Type out the whole listing again exactly, pictures omitted.

__SUPPLIED INFORMATION__.
Segment Open

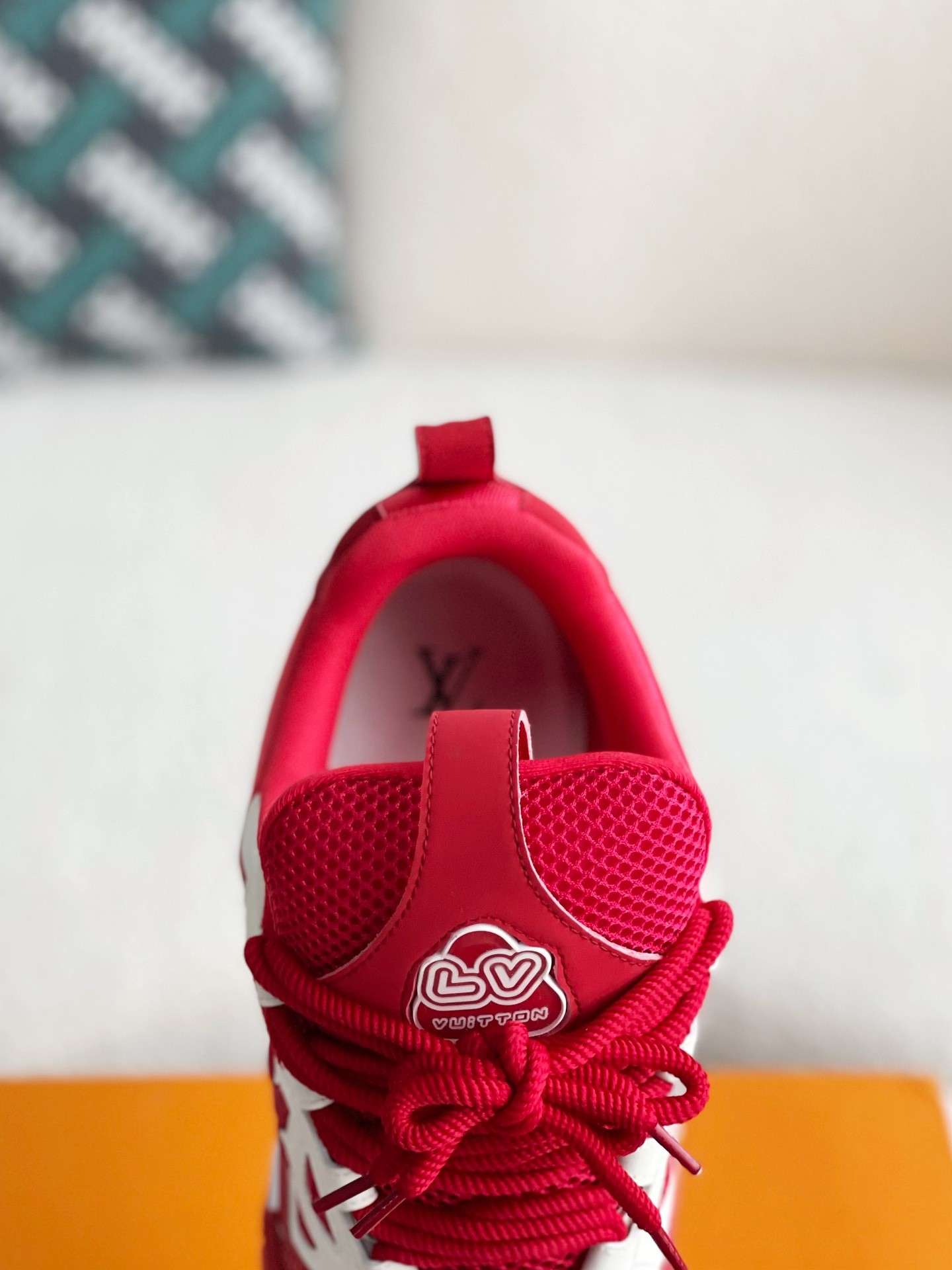 LOUIS VUITTON RUNNER TATIC Sneakers
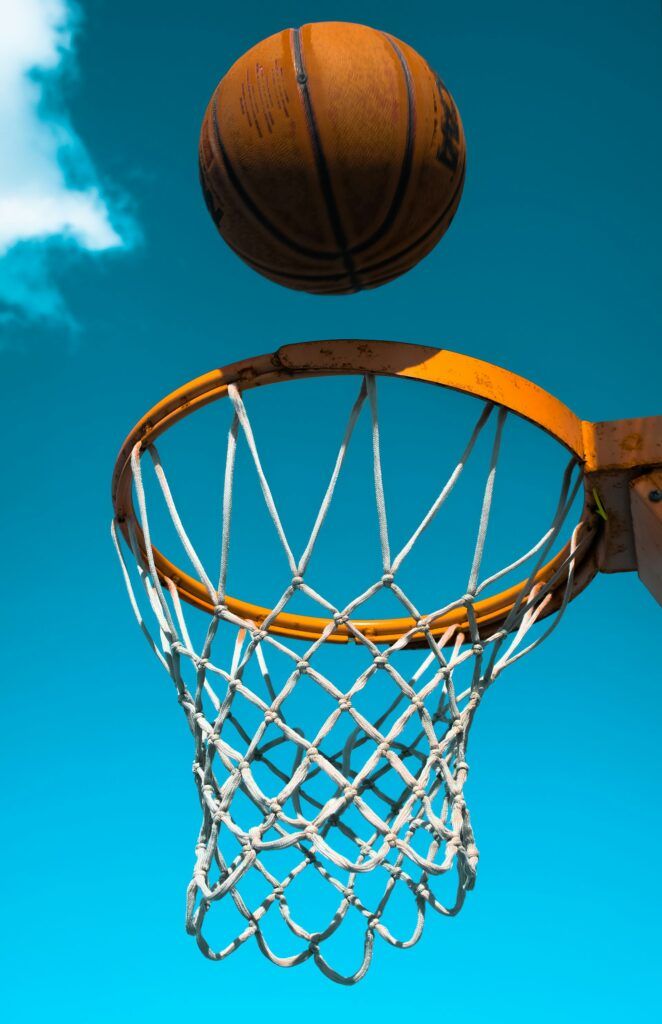 Mis recomendados 1 balón de baloncesto entrando en la canasta
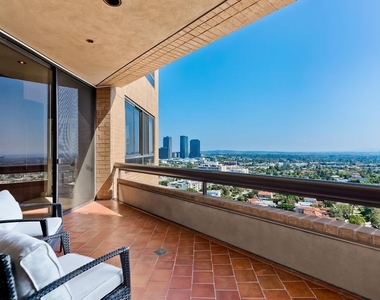 10430 Wilshire Blvd - Photo Thumbnail 27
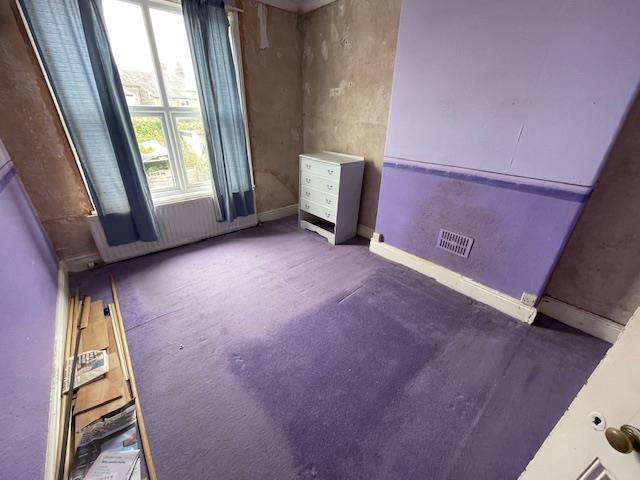 9 Avallon IMG 5079.jpg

Segment Closed

__RESPONSE TO THE TASK__.
 LOUIS VUITTON RUNNER TATIC Sneakers
 Mis recomendados 1 balón de baloncesto entrando en la canasta
 10430 Wilshire Blvd - Photo Thumbnail 27
 9 Avallon IMG 5079.jpg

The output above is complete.